The Kremlin said on Monday it categorically denies any accusations related to the murder of civilians in the Ukrainian town of Bucha and said Ukrainian allegations on the matter should be treated with doubt.
"This information must be seriously questioned," Kremlin spokesperson Dmitry Peskov told reporters on a conference call, according to Realnoye Vremya.
"From what we have seen, our experts have identified signs of video falsification and other fakes."
Peskov said that the facts and chronology of the events in Bucha did not support Ukraine's version of events and urged international leaders not to rush to judgment.
"We categorically deny any accusations," said Peskov.
"The situation is undoubtedly serious and we would ask that many international leaders not rush with their statements, not rush with their baseless accusations, request information from different sources, and at least listen to our explanations."

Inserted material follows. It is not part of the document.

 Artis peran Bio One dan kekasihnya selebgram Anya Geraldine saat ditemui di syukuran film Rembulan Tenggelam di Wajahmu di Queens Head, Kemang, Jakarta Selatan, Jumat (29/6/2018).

Peskov said that Russia's diplomats would press on with their efforts to convene a U.N. Security Council meeting to discuss what Moscow has called "Ukrainian provocations" in Bucha despite their first effort to arrange such a meeting being blocked.
"The initiative itself of raising this topic to the platform of the U.N. Security Council suggests that Russia wants and demands that this topic be raised at the international level," Peskov said.
Russia’s envoy to the UN Vasily Nebenzya said yesterday that available evidence leaves no doubt the events in Bucha, as they are presented by Ukraine, were staged, according to TASS.
"The footage that was being presented in particular, in Bucha, on which I spoke does not give us any doubt that this was staged," he said at a news conference. "We will present more evidence."
Nebenzya at his news conference at the UN headquarters demonstrated footage that showed Ukraine’s footage from Bucha as staged.
Russia has repeatedly seen how so-called independent investigations were in fact not independent, Nebenzya said.
Ukrainian authorities said on Sunday they were investigating possible crimes by Russian forces after finding hundreds of bodies strewn around towns outside the capital Kiev after the Russian withdrawal from the area.
The BBC says the UN Secretary-General, Antonio Guterres has called for an independent investigation into "the images of civilians killed in Bucha."